--- YOUR ASSIGNMENT ---
Your job is to set down the stretch of entries that opens with the line containing "Cartier Panthere de" and closes with the line containing "Un mural para". Keep both end lines, copy each exactly, and add nothing.

--- INFORMATION GIVEN ---

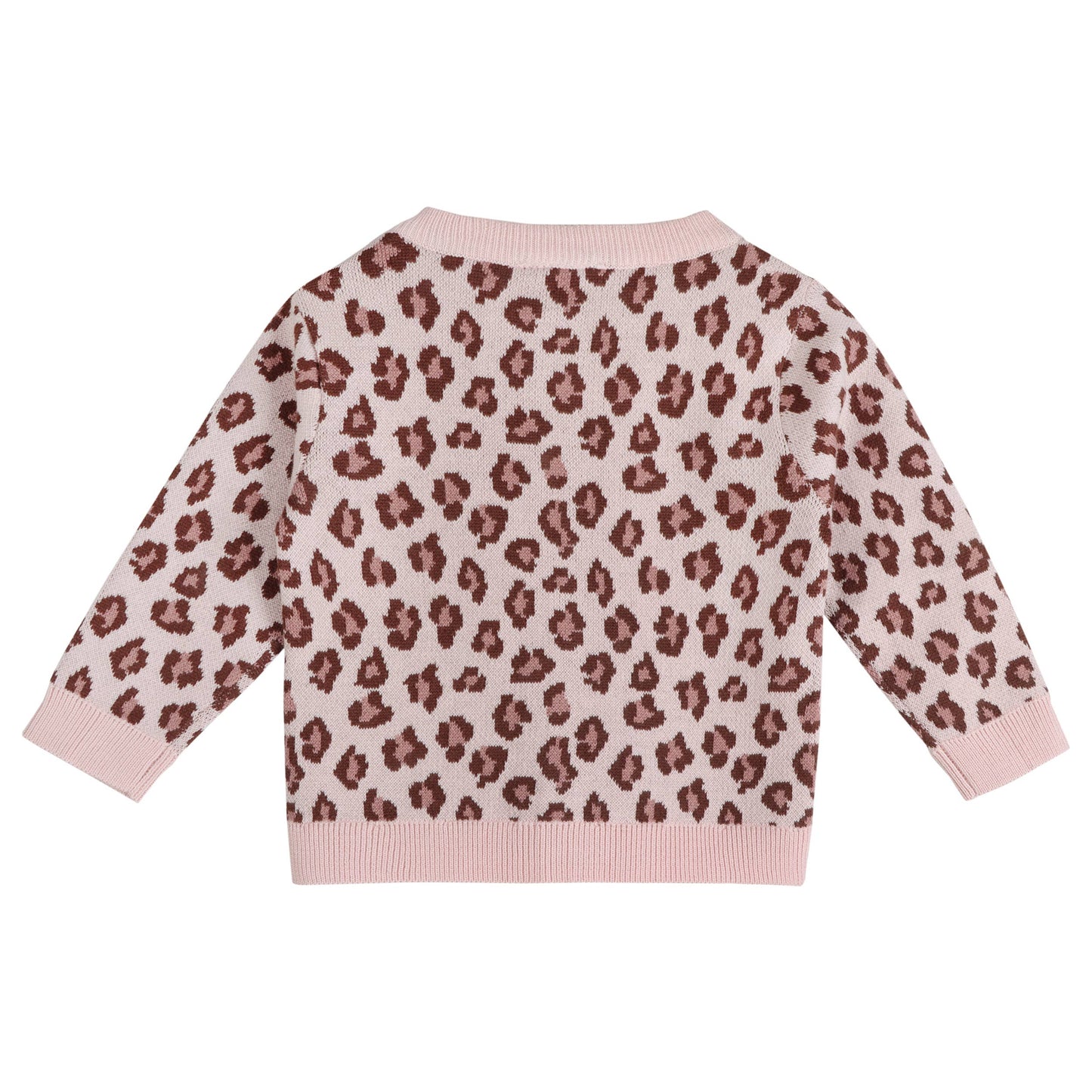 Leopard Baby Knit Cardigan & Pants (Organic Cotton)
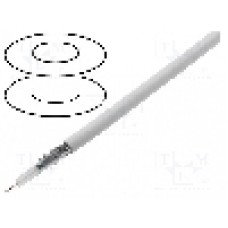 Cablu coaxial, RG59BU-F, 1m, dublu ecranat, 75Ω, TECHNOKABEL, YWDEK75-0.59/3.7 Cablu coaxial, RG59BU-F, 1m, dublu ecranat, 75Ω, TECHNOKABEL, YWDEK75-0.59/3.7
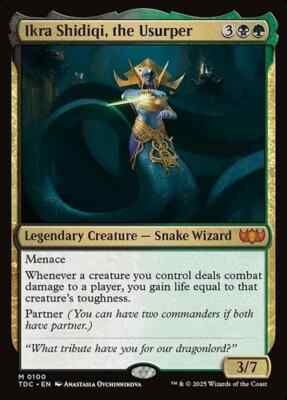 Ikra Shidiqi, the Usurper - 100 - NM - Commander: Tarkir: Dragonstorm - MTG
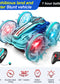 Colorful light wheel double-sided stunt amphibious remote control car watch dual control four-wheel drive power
* * *
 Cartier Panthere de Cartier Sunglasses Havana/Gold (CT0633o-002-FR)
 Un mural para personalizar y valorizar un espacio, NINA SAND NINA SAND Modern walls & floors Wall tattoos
---
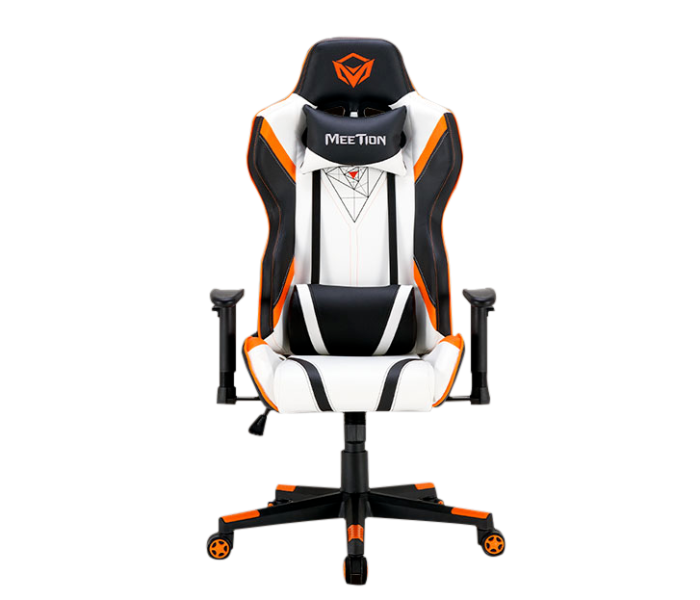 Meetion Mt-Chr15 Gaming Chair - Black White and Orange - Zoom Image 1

--- WRITTEN SOLUTION ---
 Cartier Panthere de Cartier Sunglasses Havana/Gold (CT0633o-002-FR)
 Un mural para personalizar y valorizar un espacio, NINA SAND NINA SAND Modern walls & floors Wall tattoos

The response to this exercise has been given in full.